So, you’ve built a successful product, launched and are ready to develop new features to capture new business opportunities.
How do you meet the need for more Business as Usual (BAU) work, while also satisfying the demand for more features to grow adoption?
You have all the momentum to scale and grow the business, but your team is stuck continually juggling the BAU work of responding to user feedback, making improvements, and maintaining tech security.
Many companies underestimate the amount of BAU required and do too little, while others recognise the need for more BAU but get bogged down, missing the opportunities for growth.
And if you’re ever going to capture emerging business opportunities and grow adoption, you really need to deliver new features.
The value of spending time on new work is proven: According to Accelerate by Nicole Forsgren et al, high performers spend 49% of their time on new work versus 38% for low performers.
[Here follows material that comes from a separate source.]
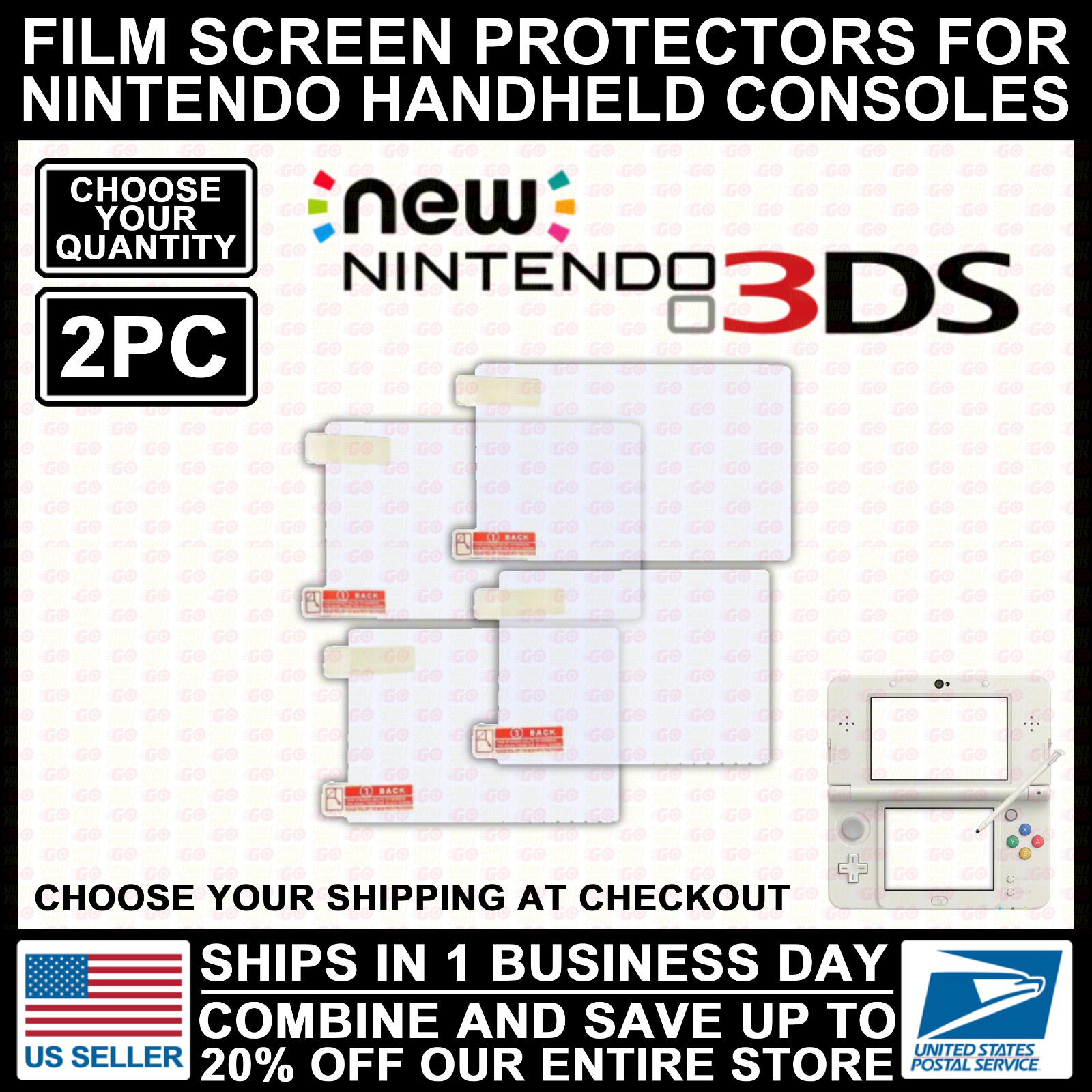 Film Plastic Screen Protector For Nintendo New 3DS Model Console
Check out this diagram from Accelerate below.
The question is how do you find the Goldilocks solution – not too little BAU, not too much – and get it just right?
Use internal talent to help with BAU
The biggest mistake you can make is to outsource your BAU. It might not be the sexy stuff but it’s the core platform and foundation of the system, and it needs to be kept in good health.
In the early stages of a product’s life, you receive a high level of customer feedback, and it’s the team who built the product that’s best equipped to respond to this feedback. Using an internal team also means you aren’t putting your intellectual property at risk.
Make BAU more visible
Just to stand still you need to invest more. With your development team spending time on BAU work, their capacity for new feature work will be limited to 50% at best. But this can be difficult for business stakeholders to get their heads around, especially when their focus is on growth.
So, how do you communicate this to business stakeholders?
- Communicate upwards to ensure stakeholders understand how BAU is worth the investment now to avoid bigger issues in future.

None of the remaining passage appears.